### What the exercise asks
Starting with the line that has "Pourquoi Apprendre Python" in the records below and stopping after the line that has "Bright and colorful carnation flowers", output every line exactly and nothing else; skip pictures.

### Data extract
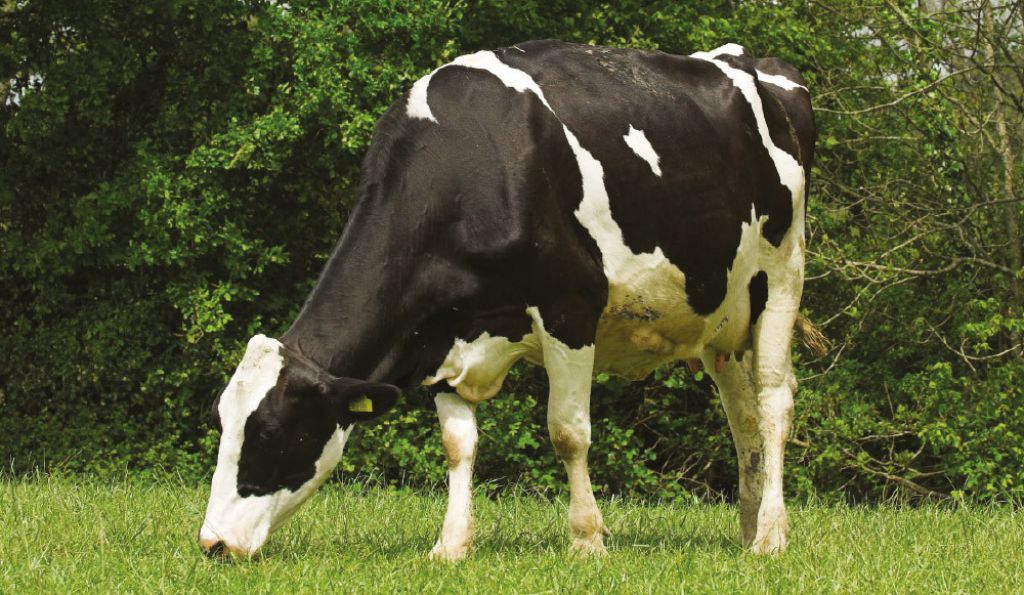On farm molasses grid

* * *

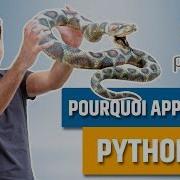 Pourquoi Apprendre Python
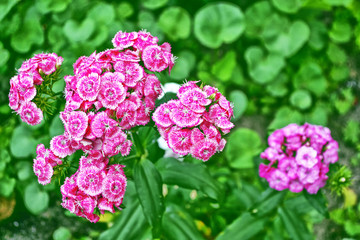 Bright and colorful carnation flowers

### Solution for this task
 Pourquoi Apprendre Python
 Bright and colorful carnation flowers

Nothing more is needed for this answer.